Vatandaşların gün geçtikçe yoksulluk altında inim inim inlemekte olduğunu ifade eden Çakırlar, “Çiftçi, esnaf, emekli, asgari ücretli, işsiz gençler, herkesin ortak derdi geçinebilme ve barınma. Özellikle son yıllarda yoksulluk acı bir şekilde hissedilmektedir. Bazı aklı evvellerin dediği gibi, tane ile alın, porsiyonlarınızı küçültün, peynir yerine lor, kesik yiyin gibi vatandaşının aklı ile dalga geçen ifadeleri daha ne kadar kullanacaksınız. Çare nedir, çare? Çare biziz, sizin çare bulmak gibi bir derdiniz yok. Çare seçim, koyun sandığı vatandaş çaresini bulsun. Sosyal devletin gerekliliğini yerine getirecek adımlardan kaçınırsanız yarın bunun hesabını size sorarlar. Seçim zamanı makarna kömür dağıtmakla sosyal devlet olunmaz”  dedi.

BİRÇOK GENCİMİZ GELECEKLERİNİ ÜLKEMİZDEN FARKLI YERLERDE PLANLAMAKTA

Orhan Çakırlar, bu sene üniversite öğrencilerinin kira yüksekliği ve yurt sorunları gibi ekonomik nedenlerden dolayı eğitimlerine ara vermek veya yarım bırakmak zorunda kaldığını dile getirerek, “Bu öğrenciler öncelikle bizlerin evlatları şimdi bu çocuklar, ülkemizde ne gibi bir gelecek görebilir, ne hayal edebilir? Bu sebeplerle birçok gencimiz nasıl yurt dışına gidebilirim, düşüncesiyle geleceklerini ülkemizden farklı yerlerde planlamaktadır. Sadece gençlerimiz değil, artık birçok vatandaşımız yurtdışında iş ve gelecek planlaması yapmaktadır. Bir örnek vermek isterim. İngilizce, Almanca ve Fransızca bilen ve TOEFL’ı 98 olan bir genç adamdan YÖK Dil Sınavı isteniyor. TOEFL uluslararası kabul görmüyor demek ki, bunun adı beyin göçü. Bu sizi hiç mi rahatsız etmiyor. Bir ülke insan kaynaklarını iyi planlayamıyorsa vay o ülkenin haline” diye konuştu.
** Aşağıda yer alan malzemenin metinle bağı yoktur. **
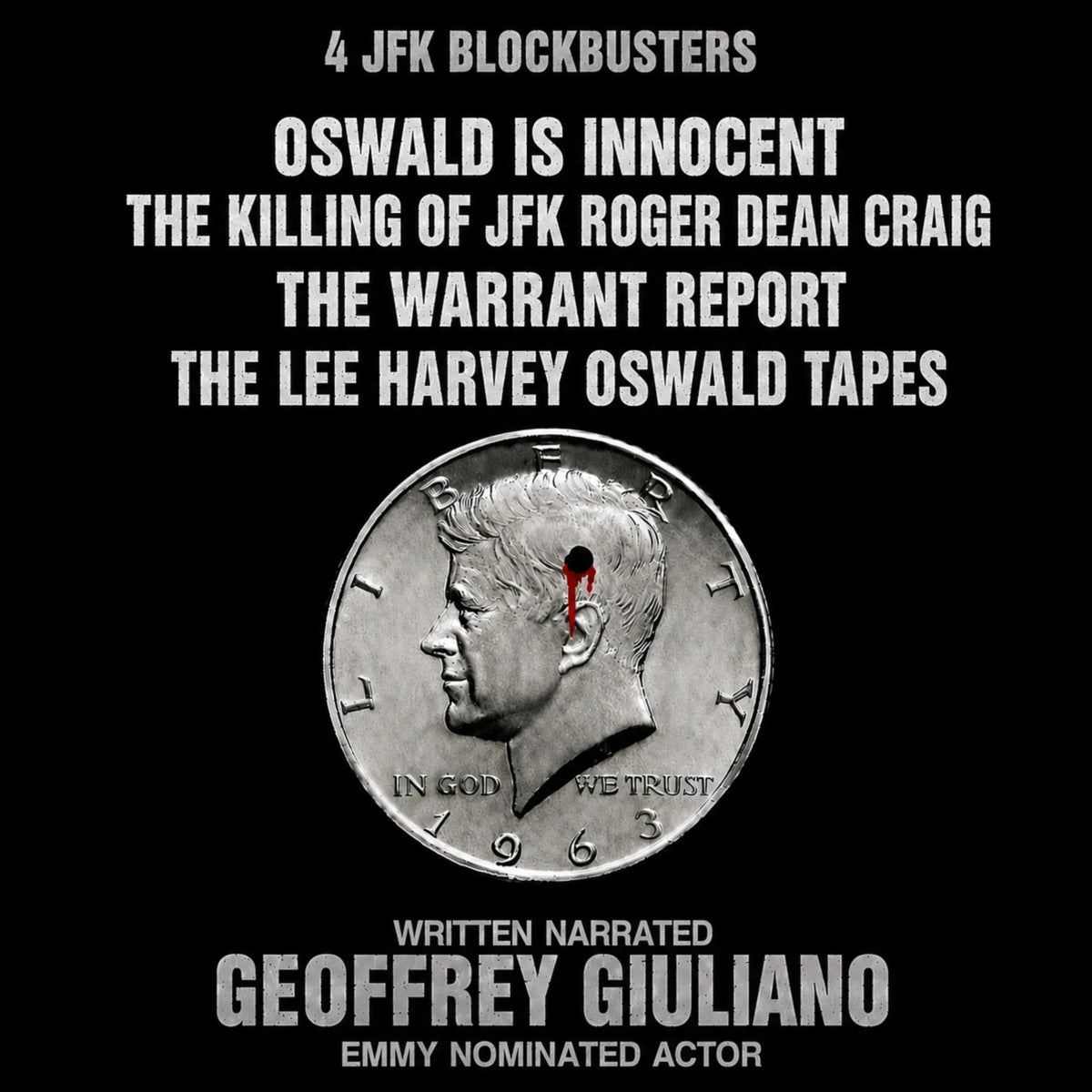 4 JFK Blockbusters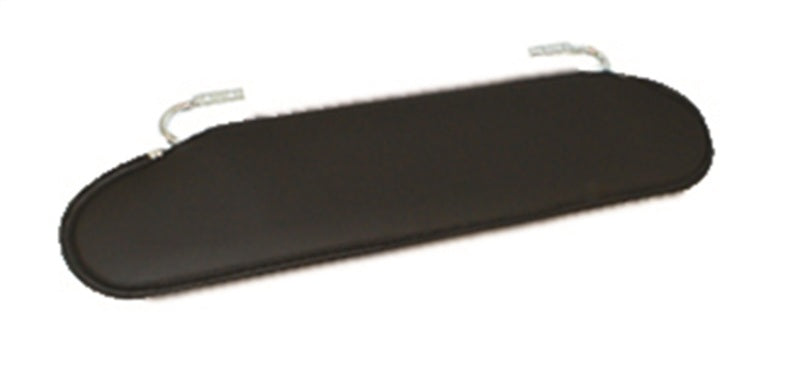 Omix Replacement Sun Visors Black 72-86 Jeep CJ Models - Black Ops Auto Works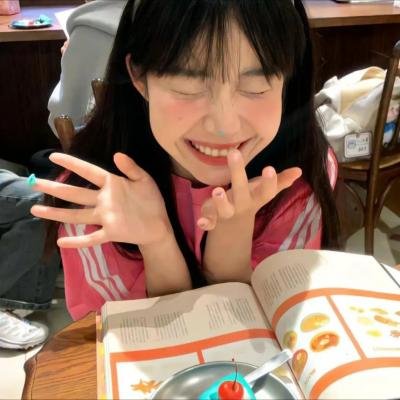 蔷薇色的布子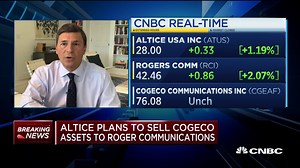 Altice plans to sell Cogeco assets to Roger Communications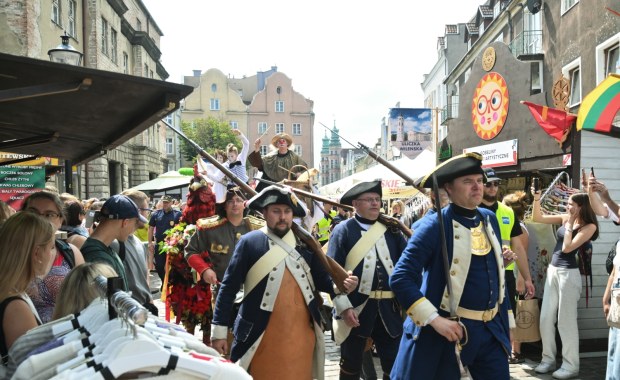 W Gdańsku rozpoczął się 765. Jarmark św. Dominika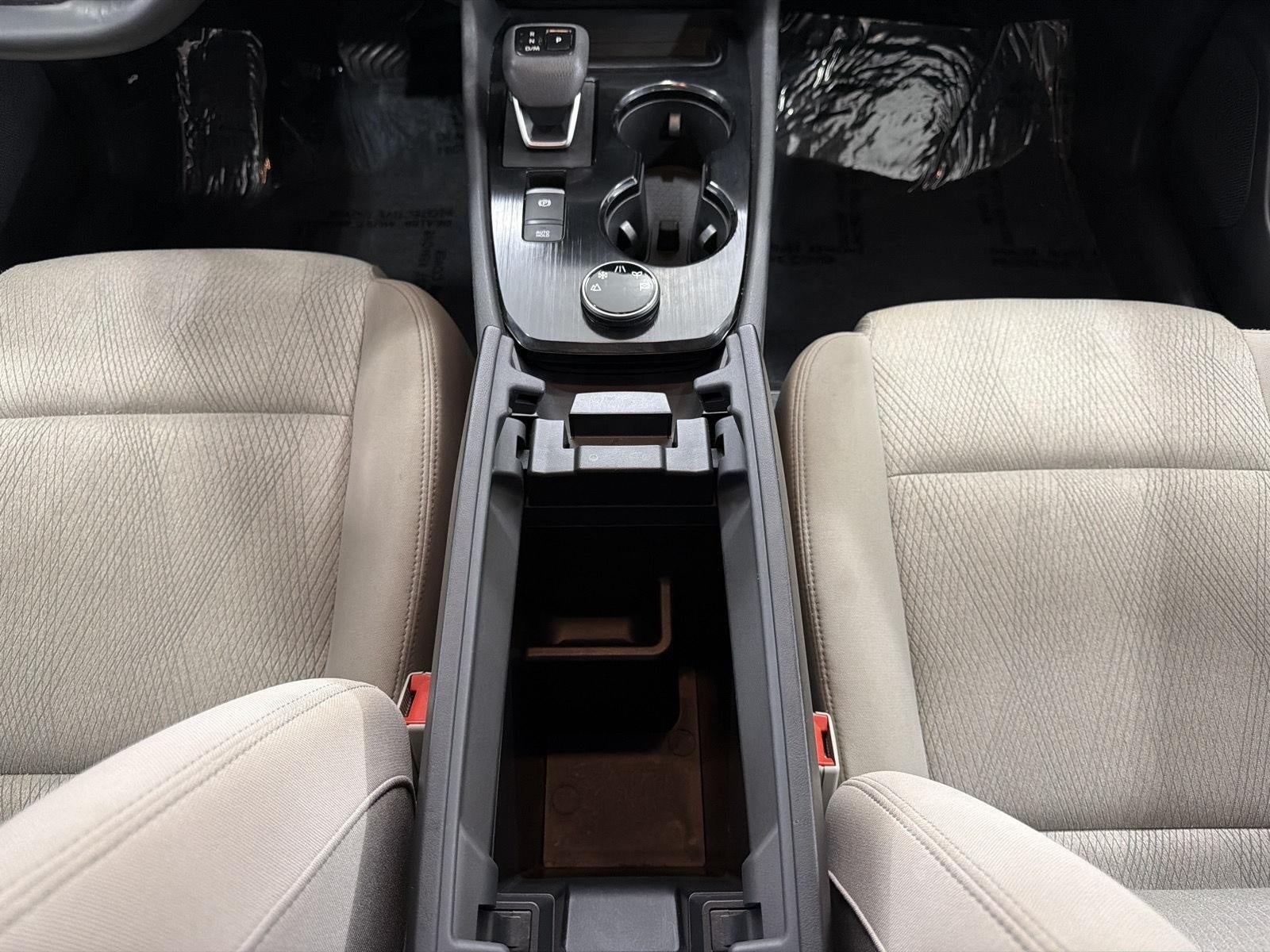 2025 Nissan Rogue AWD SV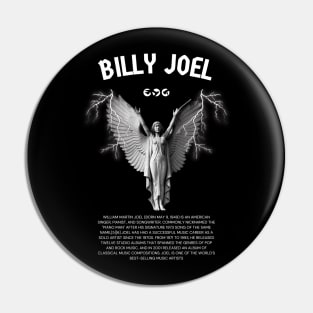 Billy joel Pin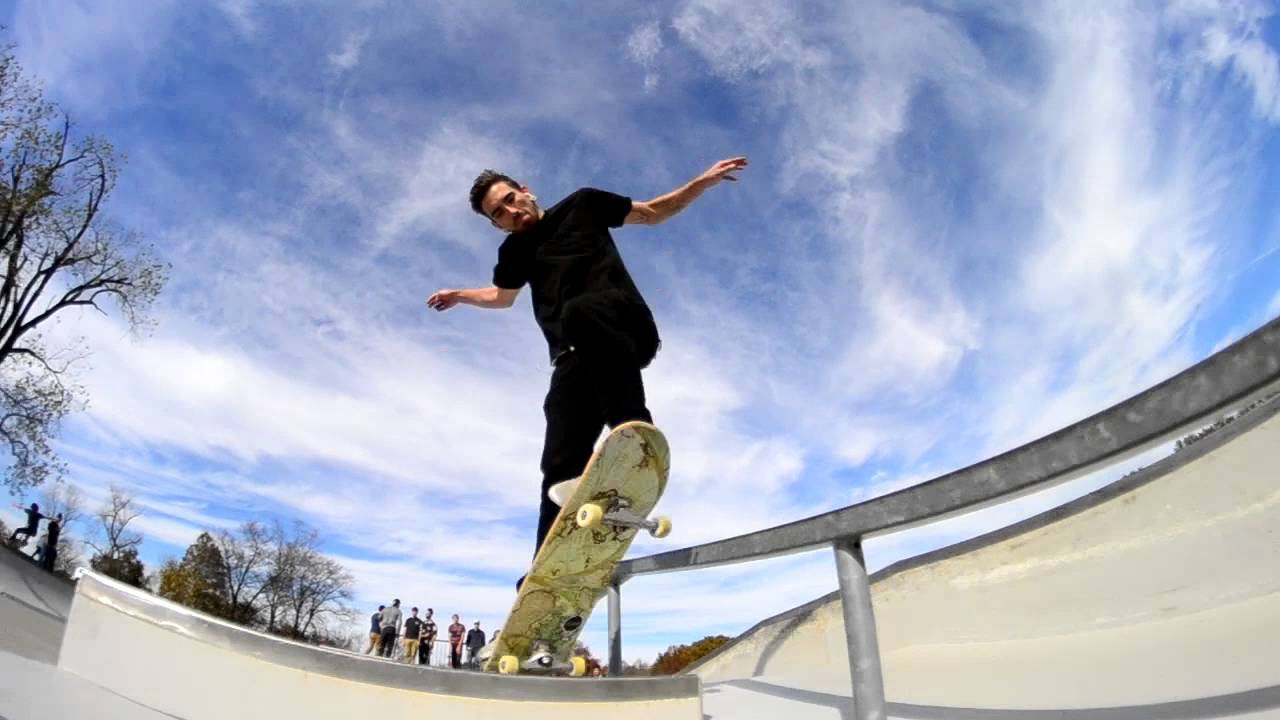 Josh Conover Edit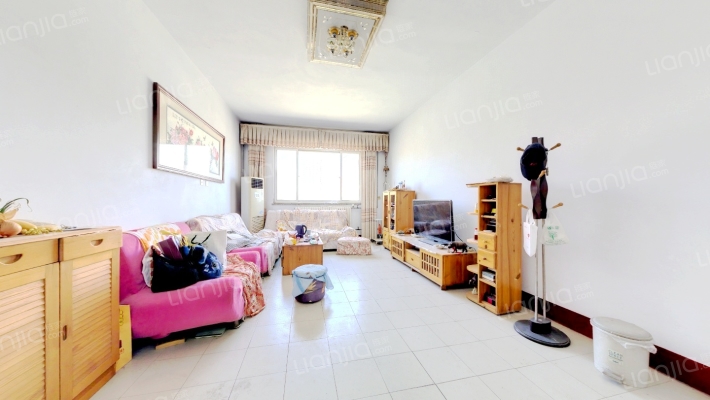 河南工业贸易职业学院家属院二手房实景图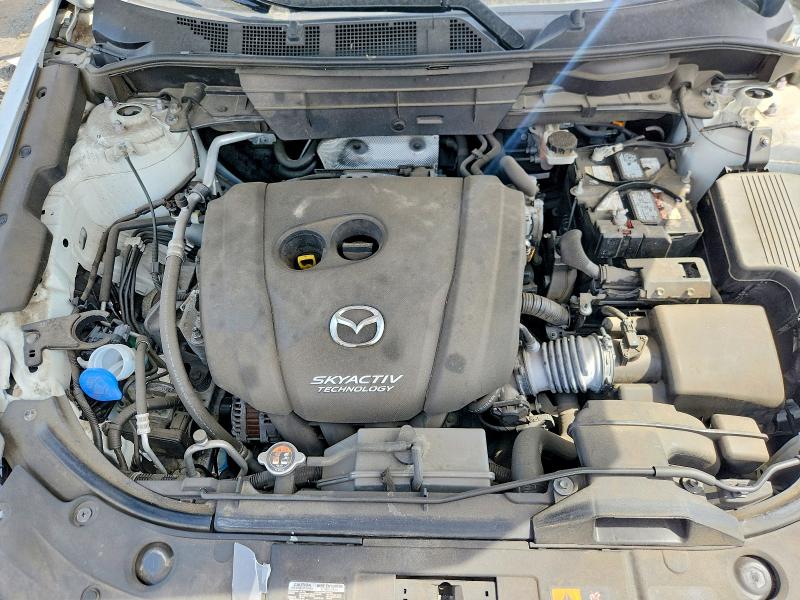 Aukcja sprzedaży 2018 Mazda Cx-5, vin: JM3KFBBM3J0464704, numer aukcji: 56170066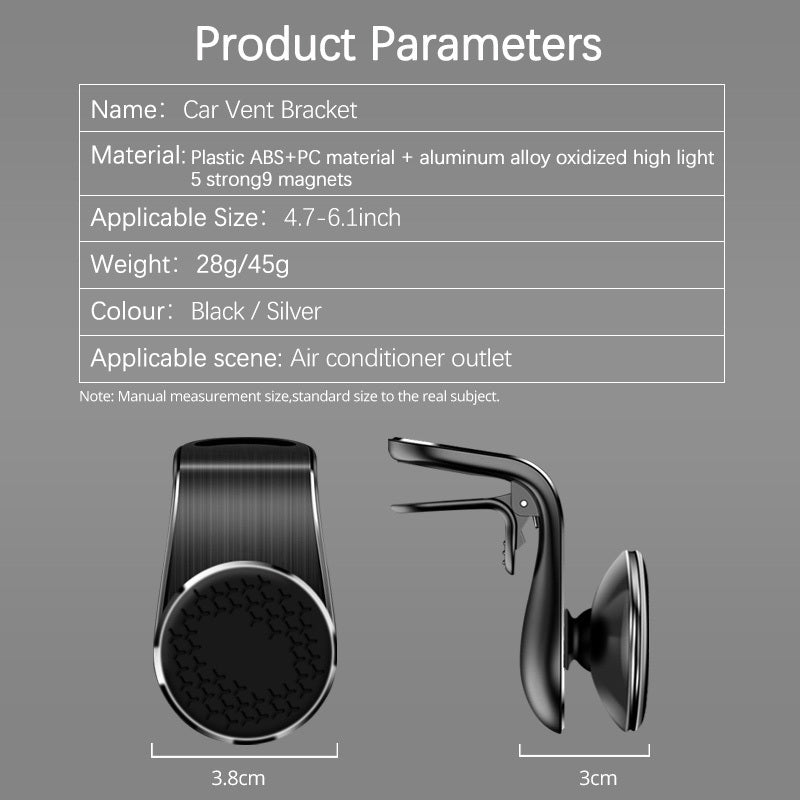 Car phone holder - 图片 2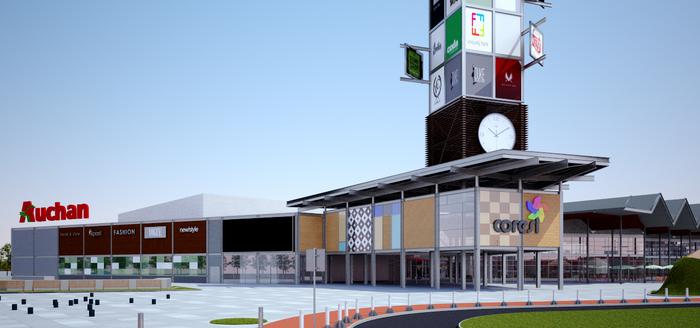 FOTO. Mega proiect imobiliar și comercial în municipiul Satu Mare! Proiect pilot la nivel național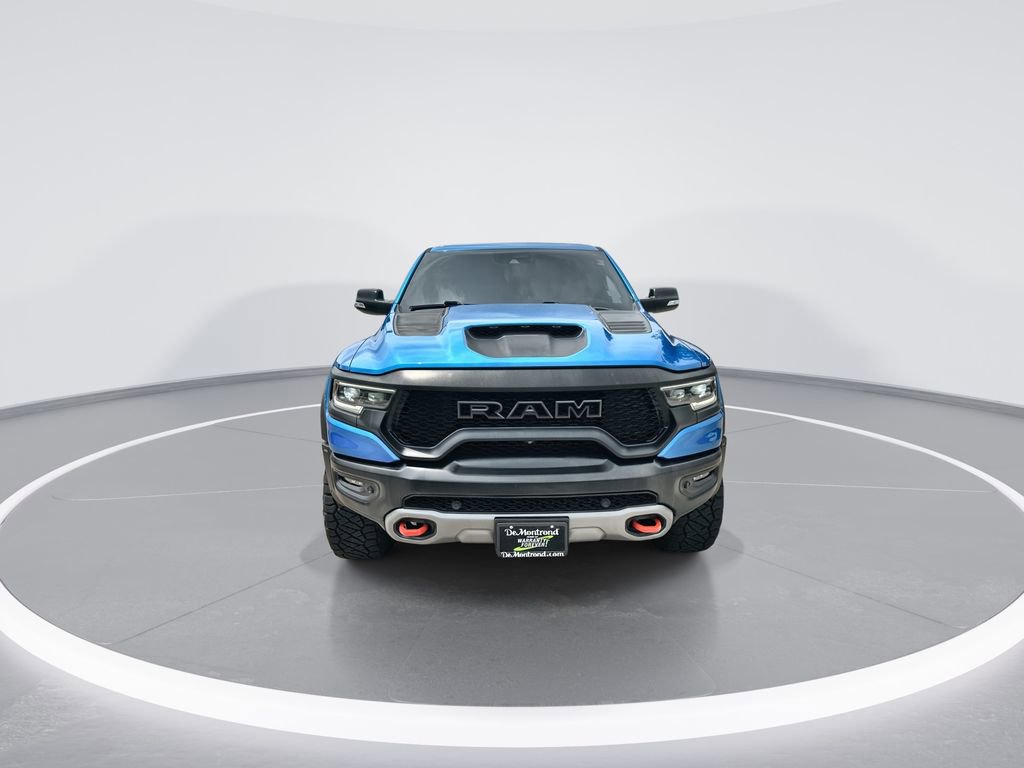 Used 2022 RAM 1500 TRX w/ TRX Level 2 Equipment Group AWD/4WD image 3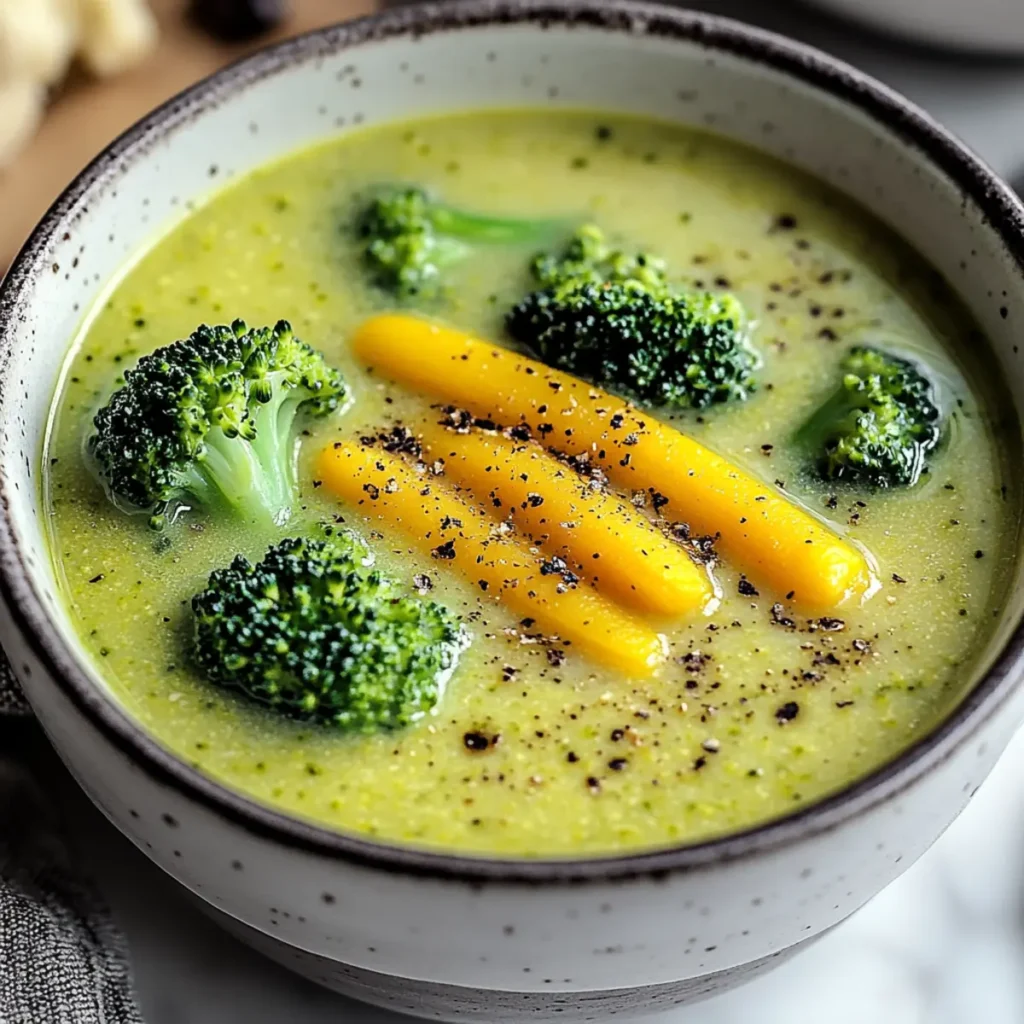 Broccoli Soup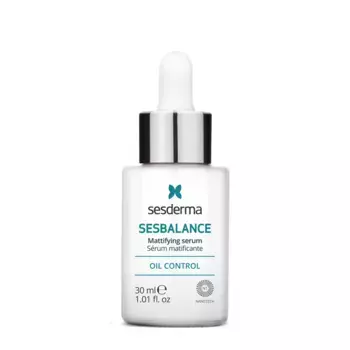 SESDERMA Сыворотка себорегулирующая с матирующим эффектом / SESBALANCE Mattifying serum 30 мл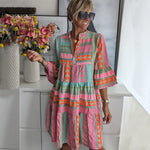 Delyth | Robe de Printemps | Maya Deauville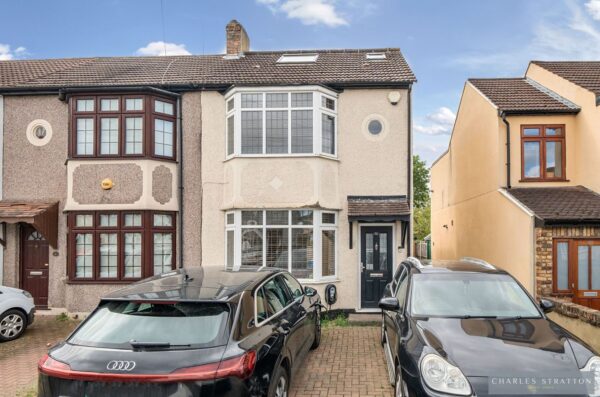 Harwood Avenue, Hornchurch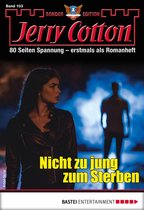 Jerry Cotton Sonder-Edition 103 - Jerry Cotton Sonder-Edition 103
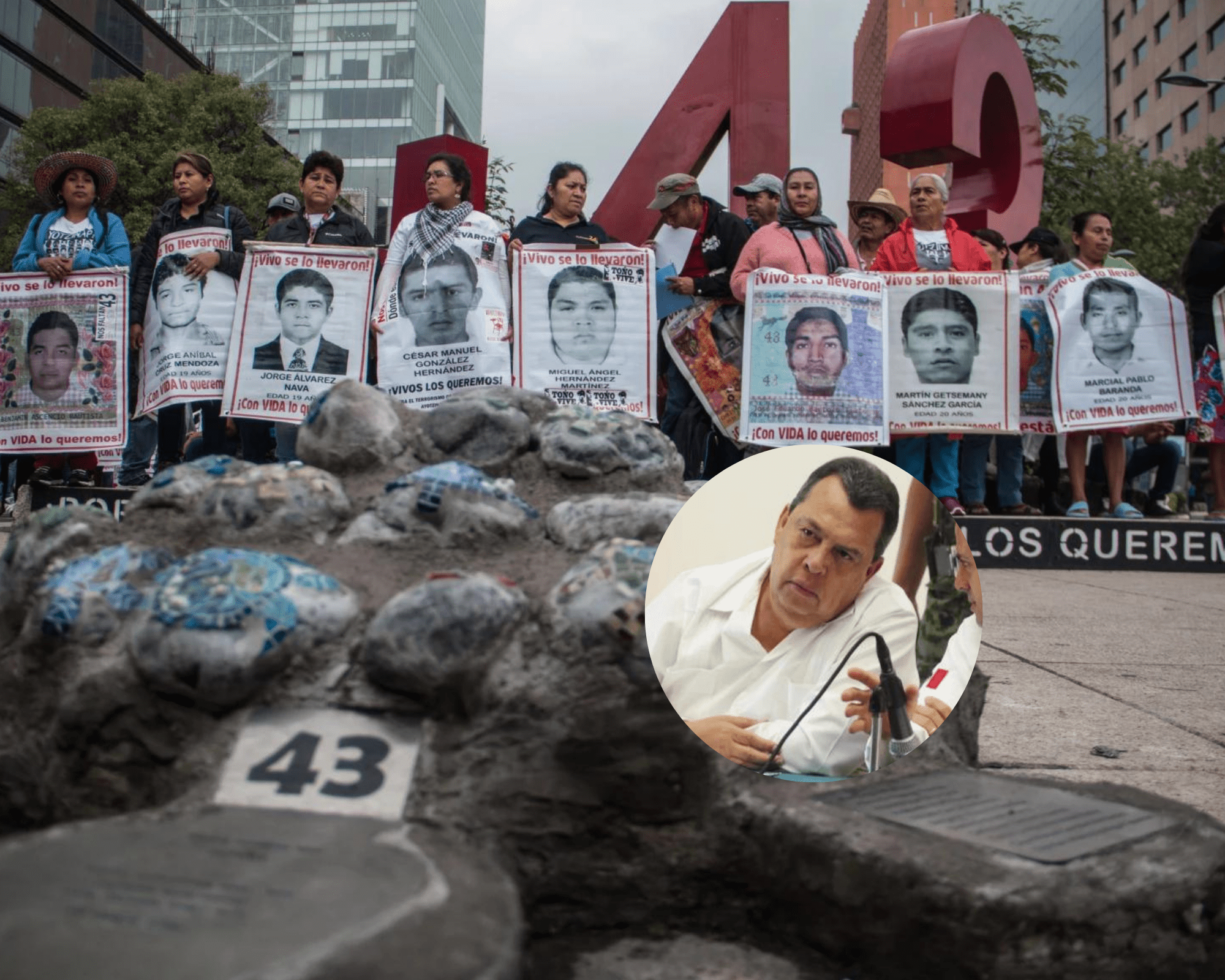 Juez que dejó libre a implicados en caso Ayotzinapa formó parte de Fuerzas Armadas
İCRA DAİRELERİNDEKİ DOSYA SAYISI 25 MİLYONA YAKLAŞTI

Orhan Çakırlar, meclisteki konuşmasına şöyle devam etti: “Diyoruz ya, ülkemizde insanlarımız fakirleşiyor, alım gücü geriliyor, geçinemiyor. İşin daha kötüsü ne biliyor musunuz? İnsanlarımız sizin yüzünüzden umutlarını kaybediyor. İcra dairelerindeki dosya sayısı 25 milyona yaklaştı, karşılıksız çekler her geçen gün artmakta ticari hayat alt üst duruma gelmiştir. Merkez Bankasının Eylül ayından bugüne 400 baz puan faiz indirimi  istenilen beklentiyi yakalayamamış ve döviz kuru sonu olmayan bir tırmanışa geçmiştir. Bu sebeplerle her geçen gün gelen zamlar karşısında vatandaşın cebindeki para erimiş ve alım gücü ortadan kalkmıştır.”